Méthanier grec immatriculé au Pirée (Maran)

Le soutien de l'Etat
Cette activité a toujours bénéficié du soutien de l'Etat. Au point que le statut des armateurs est protégé par l’article 107 de la Constitution portant sur «l’imposition des navires, l’établissement d’une taxe pour le développement de la marine marchande, l’installation d’entreprises maritimes étrangères et la réglementation de matières connexes».

Dès 1957,  Athènes adopte la taxe au tonnage. Résultat: les armateurs ne sont imposés que sur la base de leur capacité de transport, et non sur leurs bénéfices. Comme si un supermarché était taxé sur sa surface et non sur son chiffre d’affaires ou ses bénéfices. «Le shipping n’est pas un revenu pour l’Etat mais pour l’économie grecque », aime à répéter Paul Tourret pour expliquer que l’Etat grec a toujours tout fait pour aider ce secteur. Une pratique, précise-t-il, qui s’est généralisée dans tous les pays du monde, dans ce secteur à très forte concurrence.

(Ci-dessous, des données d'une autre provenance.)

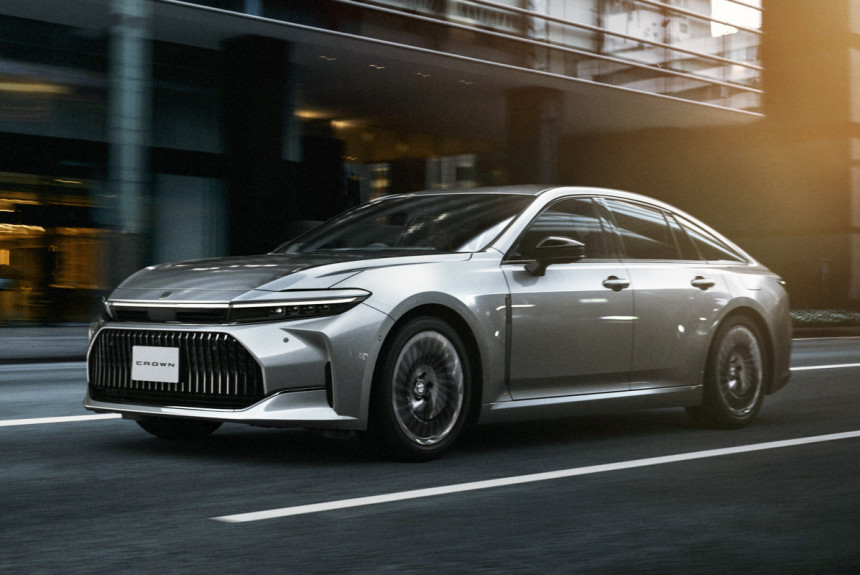 Evo i sedana u serijskom izdanju: Toyota Crown Sedan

De quoi énerver dans un pays en quasi faillite où les inégalités se creusent et où la question fiscale est omniprésente. «En pratique, les armateurs bénéficient d’une totale exonération fiscale, exception faite d’une redevance symbolique, basée sur le tonnage du navire (1 $ le tonneau ou unité de jauge), indépendamment des bénéfices d’exploitation. C’est aussi pourquoi le montant total de l’imposition sur le revenu en 2013 était de 59 millions, environ autant que les recettes d’impôts des personnels marins (57 millions), alors que les profits des compagnies maritimes sont estimés à 12 milliards d'euros!! Globalement, les bénéfices cumulés des armateurs grecs, selon l’agence Bloomberg, atteignent pour ces dix dernières années 175 milliards € », selon Yannis Tolios, économiste membre de Syriza

Nicos Vernicos, président de la Chambre de commerce international de son pays, et un des rares armateurs à s’exprimer facilement dans les médias se défend: «Nous versons davantage d’impôts (au prorata du tonnage) à l’Etat grec, que les transporteurs français n’acquittent à l’Etat français. Contrairement à certains de nos confrères européens, non seulement nous, compagnies maritimes grecques, payons des taxes à notre pays d’origine, mais nous ne percevons pas de subventions de l’Etat comme cela peut être le cas en France ou en Allemagne, sur des montants qui peuvent atteindre des milliards d’euros», disait cet armateur qui bénéficie d’une bonne image dans son pays, allant jusqu’à critiquer la politique d’austérité imposée à son pays.

Ferry devant l'île de Santorin (Bluestar)

Une part importante du PIB grec
Selon une étude (Boston Consulting Group, 2014), le transport océanique représente 6.5 Mds € d’apport pour la Grèce (11, 3 Mds € en ajoutant les effets indirects). Le transport maritime pèse dans le PIB (5 à7%) et apporte 15 Mds€/an de revenus extérieurs (2e derrière le tourisme). Berf un poids lourd de l’économie du pays. 

En terme d'emplois, la marine grecque a vu ses effectifs fondre. Elle emploierait aujourd'hui (hors secteur domestique quelque 17.000 salariés, dont 43% de Grecs. Un chiffre en constant recul. Mais avec les emplois induits, ce secteur représente tout de même 3,5% des emplois du pays. 

Résultat, la marine grecque semble avoir des beaux jours devant elle. Le ministre en charge de la fiscalité du gouvernement Tsipras le reconnaissait lui même : «si nous augmentons trop l’imposition de la marine marchande, déjà élevée, que se passera-t-il? Elle perdra en compétitivité. Et des armateurs iront s’installer dans un autre Etat».